As far as cymbals go, I’ve been playing Paiste cymbals all my life. They’re such an amazing company. I've been with them since 1983. The same thing with DW. I love the guys at DW, down there in Oxnard. They gave me a family. I was going from drum company to drum company, and then in 2001, I was able to speak with them. They understood what I was doing with rock en español. They believed in what I was doing, so I became part of their roster, and I’ve been with them ever since. For heads, I’ve been playing Remo all my life. I have a really special story with Remo Belli. Remo Belli was like a godfather because he gave me my first endorsement with Remo drum heads and Remo drums. I was one of the first Latin rock drummers to have an endorsement from a major drum and head company. And Remo took me under his wing and gave me so much advice. As far as always making sure that I was getting the right direction as a person, regarding not getting involved in drugs, not getting involved being an alcoholic or being financially responsible, Remo Belli was always like looking after me. And I will always be grateful for that and for his advice. I’ve been playing Vic Firth sticks since 1991. The guy that really got me my signature stick, and got me really, really involved in the whole Vic Firth situation, was Marco Soccoli. He was in charge of Vic Firth artist relations at the time. I’ve been using Shure microphones live always. They're an amazing company. I’ve done different in-ear companies, but I’ve been using CTM monitors since 2013. I highly recommend them. They’re great in-ears, not only for drummers, but also in general. Latin Percussion has also been a great company that I’ve been with forever.
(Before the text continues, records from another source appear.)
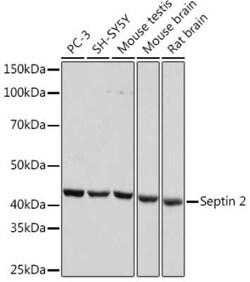 Septin-2 Rabbit anti-Human, Mouse, Rat, Clone: 9N1B3, Novus Biologicals:Antibodies:Primary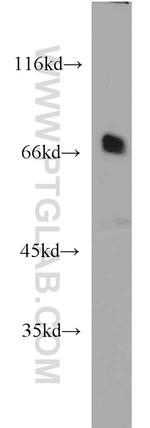 SNX18 Antibody in Western Blot (WB)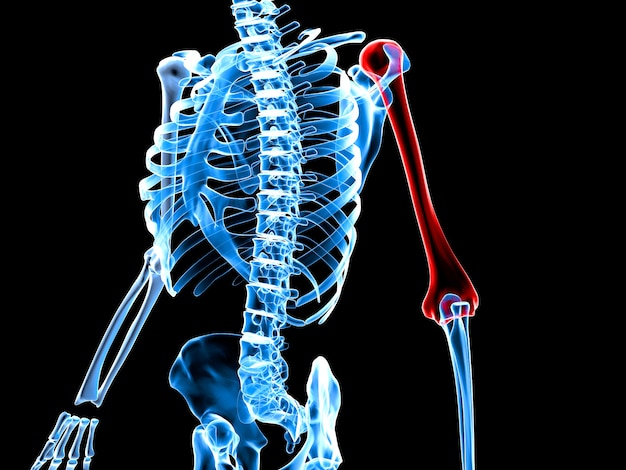 3d übertrug Abbildung eines Skeletts mit dem schmerzlichen Arm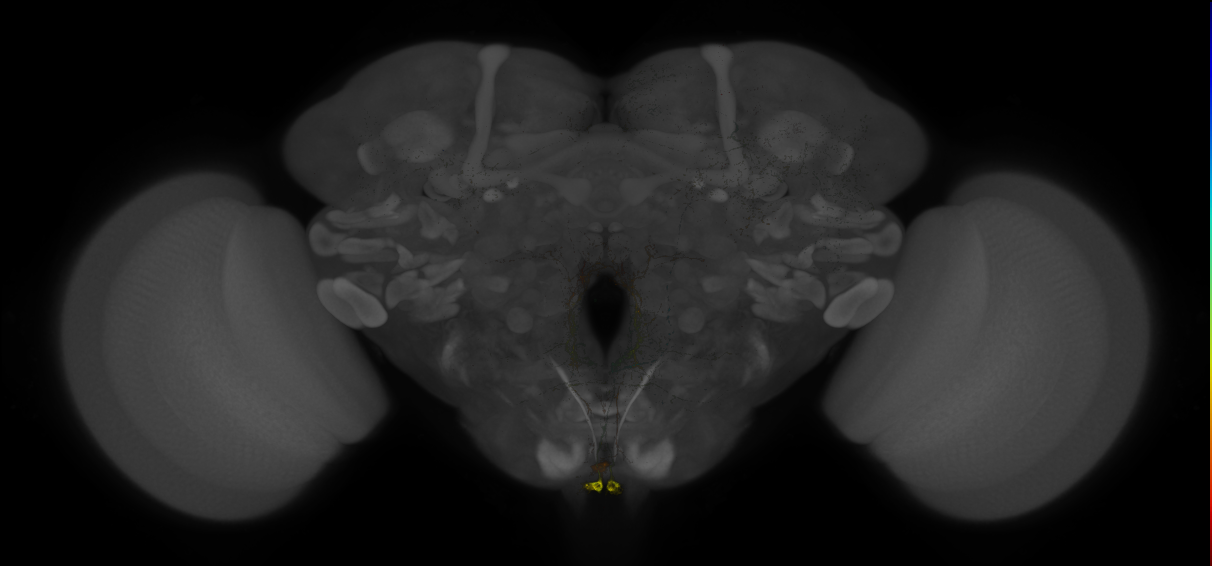 JRC_MB113C_Brain_20121208_31_C2_20x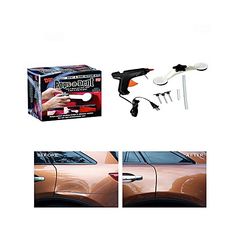 Kit reparation Carrosserie de voiture universel Pops a Dent -MZ.LUX au meilleur prix au Maroc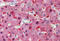 CAD protein antibody, MBS244404, MyBioSource, Immunohistochemistry frozen image 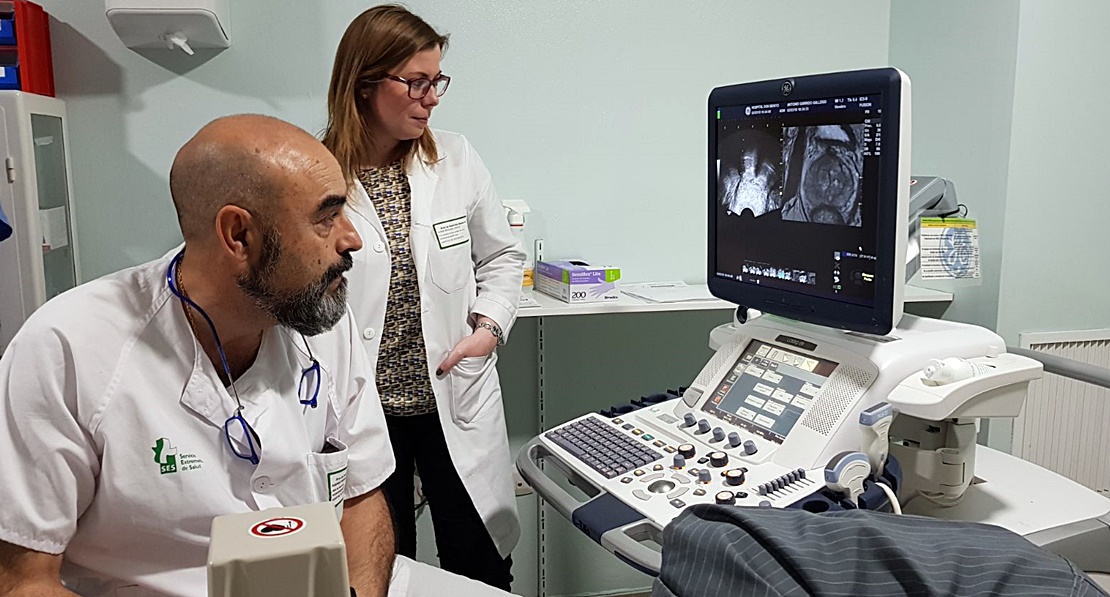 El hospital Don Benito-Villanueva pionero en la biopsia prostática por fusión de imágenes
In the studio, we use a lot of Latin Percussion instruments, congas, bongos, cowbells, different shakers and stuff, but live I’ve always used their cowbells and their tambourines—the Rock Ridge Rider cowbell and the Cyclops tambourine.
Do you have any other projects you're working on besides Maná?
Yeah. It's a heavy metal/hard rock band called De La Tierra which means “from the land.” And this band is formed with three other musicians from Latin America. One is Andreas Kisser from Sepultura on guitar; Andrés Giménez from a band called A.N.I.M.A.L. from Argentina, and Harold Hopkins, a bass player from another metal band from Puerto Rico called Puya. We have two records out. Our last record was produced by Ross Robinson, the renowned producer—Slipknot, Korn and The Cure. The cool thing about having this other side project is that I definitely had to prepare myself, especially playing things that I don’t play in Maná. I had to work on my double kick speed and my stamina, and also how to hit the drums even harder, but without becoming fatigued or overdoing myself. For that, I had to take certain approaches for things. But it’s still played with the same passion and intention that I do with Maná. To me, it’s all about playing with passion and energy. As a drummer, our goal is to give the song the beat that it requires. We are the backbone. We are the foundation of a song. I’ve always had an open ear to hear what the composer, in this case with Maná or De La Tierra, is bringing to the table and what the song means. There are moments where less is more. Then there are moments where more is more. You have to have that ear and that maturity to understand when to give more and when to give less.